[Solved] High latency and low CPU utilization after 2.1->2.1.3 upgrade


  • Last week, we upgraded from our 2.1 pfSense x64 installation to 2.1.3 x64.

    Everything seemed to be running normal, until I noticed pings were sometimes over 1000ms. Upon further investigation, the high ping times came whenever the firewall was being accessed, either through the GUI, or just regular internet usage.

    There were no hardware changes made. We have about 50 users, but there are usually between 5 and 20 concurrent users at any given time.

    We used to have fairly high CPU utilization on the dual-core Celeron U3300 2.5GHz (2GB RAM). Both the dashboard, and sysctl hw.ncpu are showing 2 cores, and top, Diagnostics->System Activity and the RRD graphs are showing nearly 100% idle time. See below for System Activity, and attachment for the RRD graph. You'll see two outages, the first short one was for making a clonezilla image of 2.1, the next was the 2.1->2.1.3 upgrade.

    
    last pid: 67374;  load averages:  0.02,  0.01,  0.00  up 0+01:11:52    10:34:16
    256 processes: 3 running, 234 sleeping, 19 waiting
    
    Mem: 386M Active, 202M Inact, 236M Wired, 280K Cache, 211M Buf, 1132M Free
    Swap: 4096M Total, 4096M Free
    
      PID USERNAME PRI NICE   SIZE    RES STATE   C   TIME   WCPU COMMAND
       11 root     171 ki31     0K    32K RUN     1  69:53 100.00% [idle{idle: cpu1}]
       11 root     171 ki31     0K    32K CPU0    0  67:42 97.07% [idle{idle: cpu0}]
    

    I'm not sure if the ping times are directly related to the CPU utilization.
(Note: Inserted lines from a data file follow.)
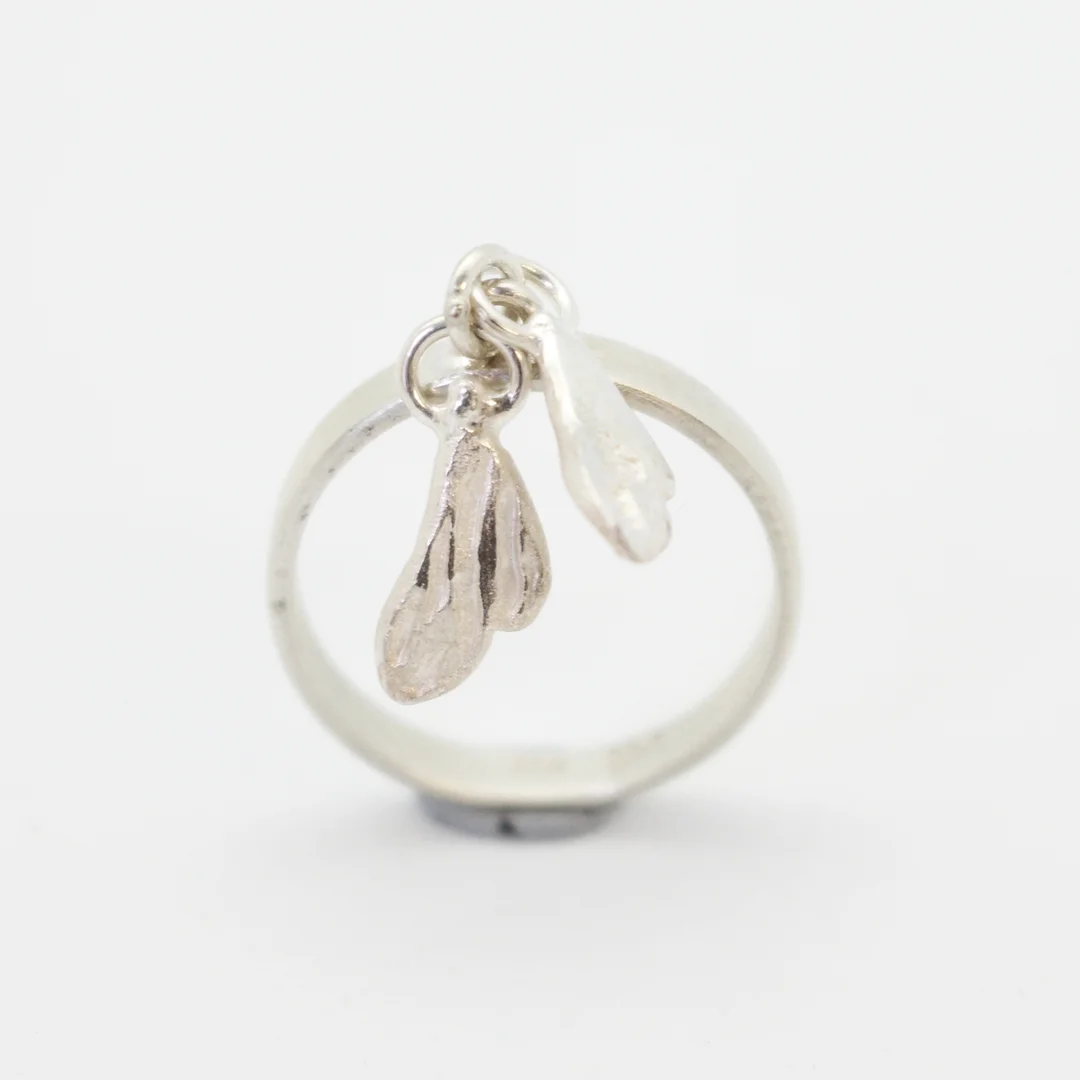 Tiny Double Wings Ring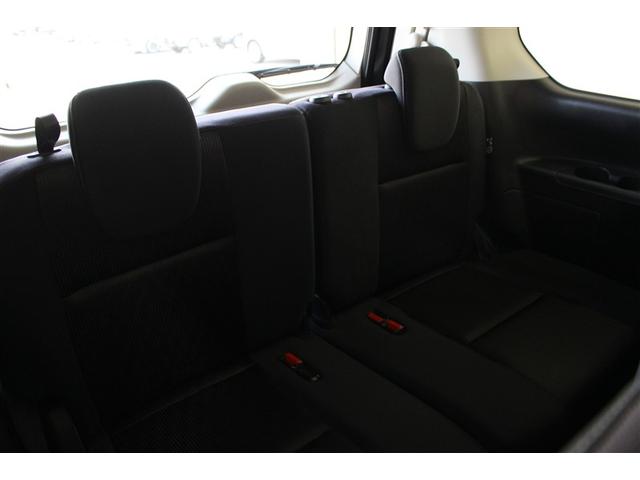 セレナ ハイウェイスター　プロパイロットエディション　４ＷＤ　フルセグ　メモリーナビ　ＤＶＤ再生　バックカメラ　衝突被害軽減システム　ＥＴＣ　両側電動スライド　ＬＥＤヘッドランプ　ウオークスルー　乗車定員８人　３列シート（22枚目）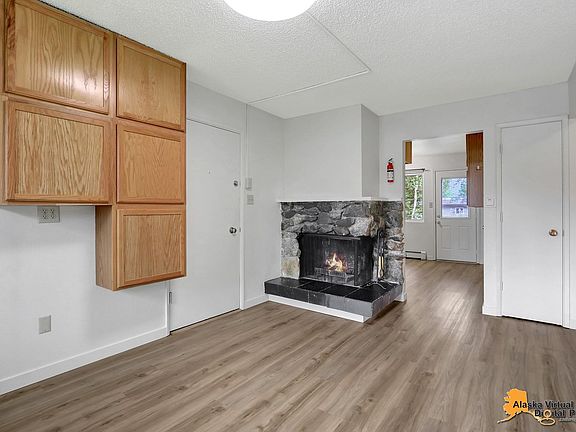 5th image of 8023 Bearberry St #1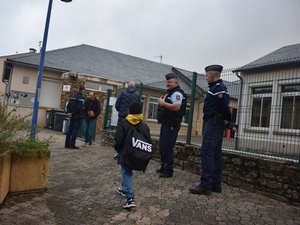 Devant les établissements scolaires de l'Aveyron, la présence 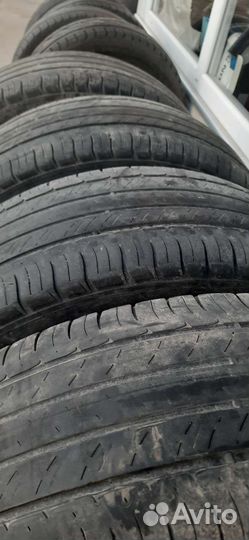 Michelin Latitude Tour HP 215/65 R16 98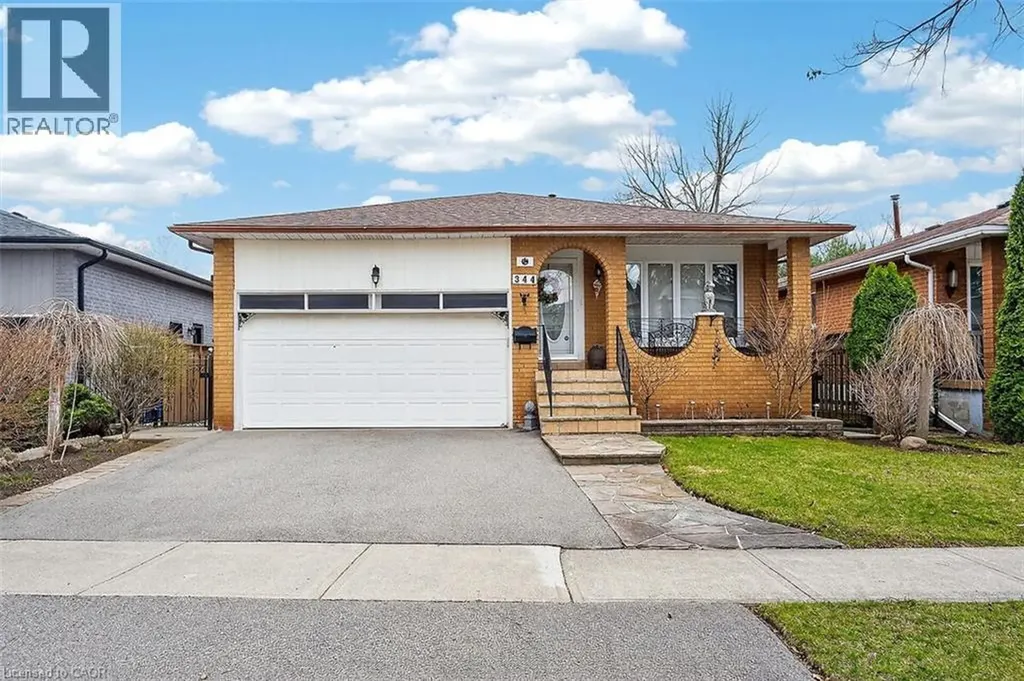 344 Enfield Road Burlington ON L7T 4E8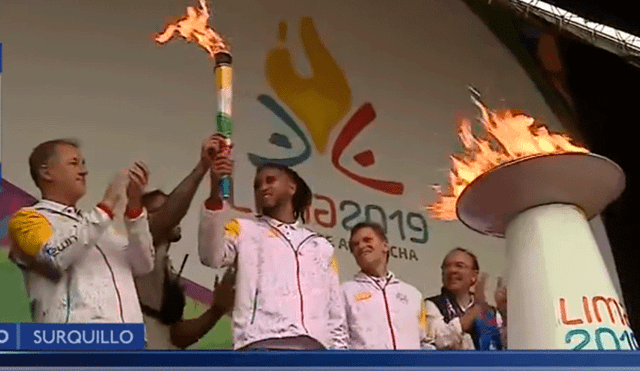 Pedro Gallese encendió el pebetero del estadio municipal de Surquillo previo a la inauguración de los Juegos Panamericanos 2019. | Foto: Canal N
I did reboot the switches and checked that both the interfaces are set to auto. They are both showing that they negotiated at 100baseTX (full duplex).

    Can anyone shed some insight on what I can do to resolve this?

    Thanks.


  • I am a noob…but I recently read somewhere that this might have to do with the untimely expiration of states. There should be a way to change firewall optimization behavior (i don't know where it is located and I am not able to access my WebGUI at the moment) wherein you need to opt for "conservative" behavior which retains the states for a longer period which result in higher CPU and memory utilization. The "aggressive" option actually kills connections more frequently.

    The option names "conservative" and "aggressive" are kind of misleading in a way.


  • @golmaal:

    I am a noob…but I recently read somewhere that this might have to do with the untimely expiration of states. There should be a way to change firewall optimization behavior (i don't know where it is located and I am not able to access my WebGUI at the moment) wherein you need to opt for "conservative" behavior which retains the states for a longer period which result in higher CPU and memory utilization. The "aggressive" option actually kills connections more frequently.

    The option names "conservative" and "aggressive" are kind of misleading in a way.

    Thanks for response. I found the option you referred to in the System->Advanced->Firewall/NAT tab, and it was set to normal. I changed it to conservative, and am finding minimal, if any, change in CPU usage and ping times.

    The pings are all on the LAN side, btw. I tried pinging from both pfSense's shell and the local workstations.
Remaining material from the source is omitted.